In this article, we’ll explain the basics of the Elliott Wave theory, give you a simple overview of how it works, and break down its pros and cons so you can decide if it has a place in your trading strategy.
Price movements in the stock market can seem quite random, especially if you’re a beginner. But a quick intro on technical analysis will show you that the market actually moves in repeating patterns. The Elliott Wave theory is just one method under technical analysis that maps out how these patterns unfold.
Back in the 1930’s, an accountant named Ralph Nelson Elliott noticed that there was a specific pattern of waves that appeared again and again in the stock market. This pattern of waves are what we now call Elliott Waves.
How It Works
The basic Elliott Wave pattern includes two phases—an impulse phase and a corrective phase. The impulse phase has 5 waves and goes with the dominant trend while the corrective phase has 3 waves and goes against the dominant trend.
Here’s a simple illustration to show you what these waves look like when the overall trend is bullish (Fig. 1) and when the trend is bearish (Fig. 2).
Eventually, the shorter cycles of Elliott Waves can also combine to form bigger Elliott Waves spanning longer periods of time. Every completed cycle, no matter what degree, will still develop the same 5-3 wave pattern.
Elliott Waves can form over many different time frames. A cycle can be completed in just a few minutes or over centuries! Although there’s no exact rule on which degrees correspond to which time frame, there are 9 generally accepted levels and labels:
- Grand supercycle: Forms over hundreds of years
- Supercycle: Forms over many decades
- Cycle: Forms over a few years (minimum of 1 year), but possibly also a decade or two
- Primary: Forms over a few months to a couple of years
- Intermediate: Forms in a few weeks to a few months
- Minor: Forms in a week to a few weeks
- Minute: Forms over a few days
- Minuette: Forms in a few hours
- Subminuette: Forms in just minutes
The Elliott Wave theory can easily become complicated, but at the end of the day it’s just a form of pattern recognition. Knowing the pattern allows you to predict price movements and make better trading decisions.

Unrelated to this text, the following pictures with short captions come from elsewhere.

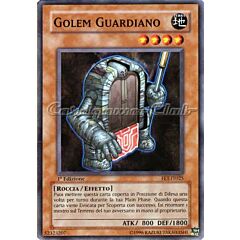 FET-IT025 Golem Guardiano comune 1a Edizione (IT) -NEAR MINT-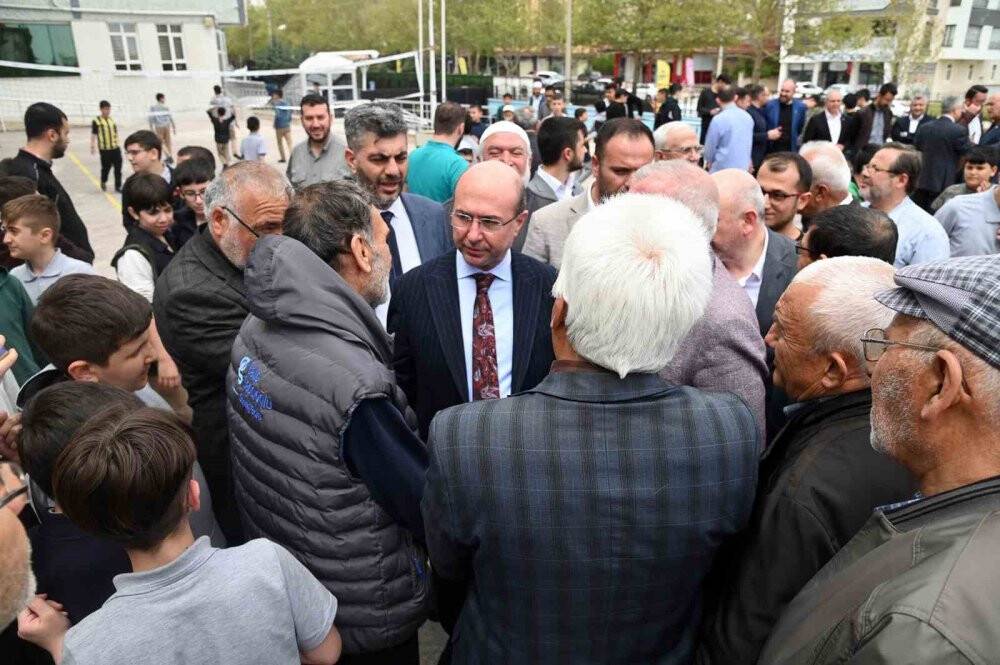 Selçuklu’da "Cuma Buluşmaları" sürüyor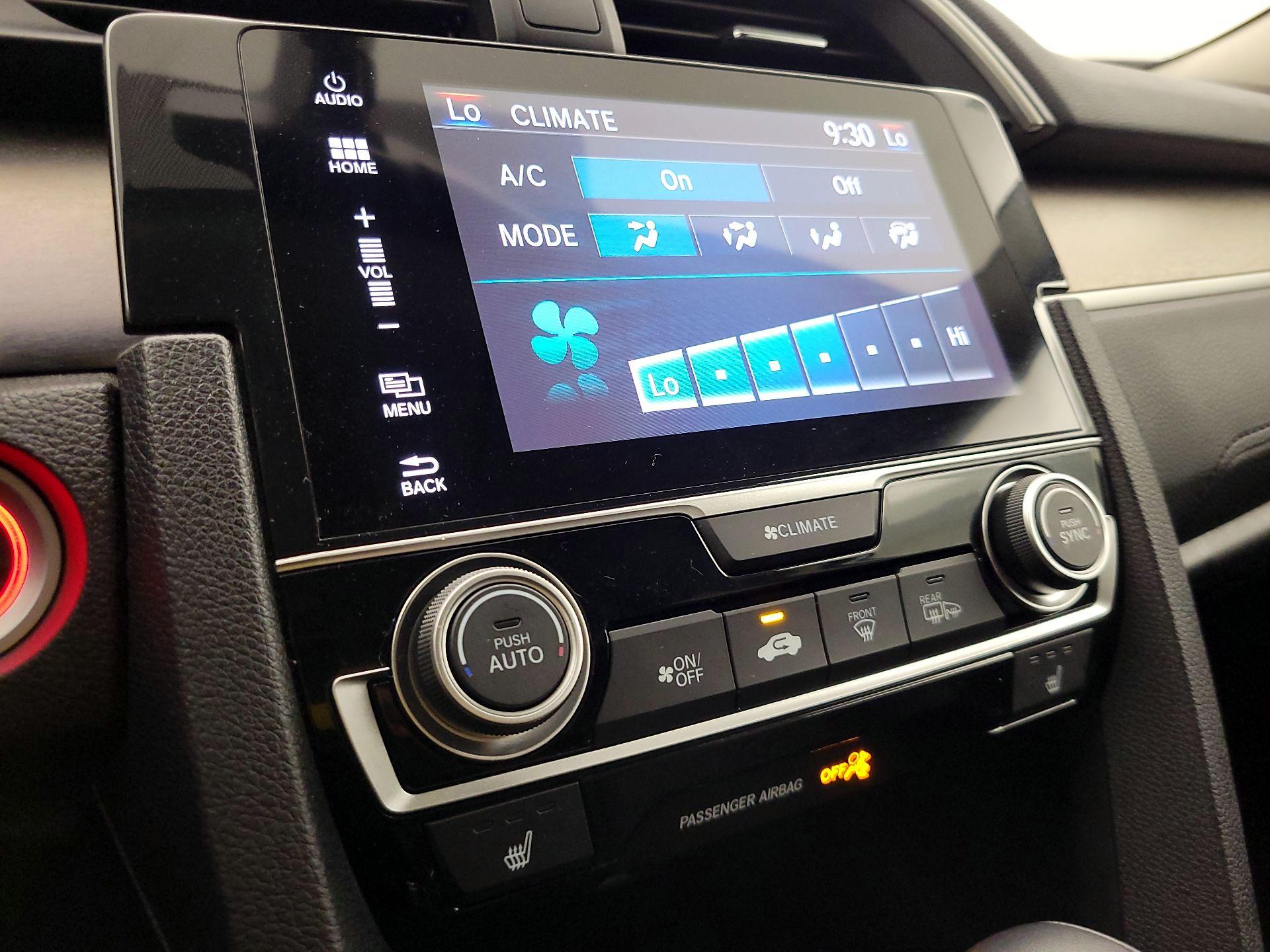 Thumbnail: 2017 Honda Civic - 16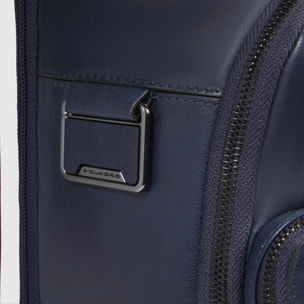 Piquadro Zaino personalizzabile porta pc e iPad® con protezioni antiurto e RFID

To use the Elliott Wave, you must first identify two things:
- If the dominant trend is bullish or bearish
- Which wave you’re currently on
To spot Elliott Waves correctly, make sure to follow the 3 basic and unbreakable rules:
- Wave 2 should never go beyond the start of wave 1.
- Wave 3 cannot be the shortest among waves 1, 3 and 5.
- Wave 4 never overlaps with wave 1.
Recognizing the Elliott Wave pattern can involve a lot of subjectivity, so results will vary from trader to trader. In some ways, you might even say that executing it is more of an art than a science.
We can’t tell you if this method will work for you or not, but what we can say is that there are people who have used it and profited from it.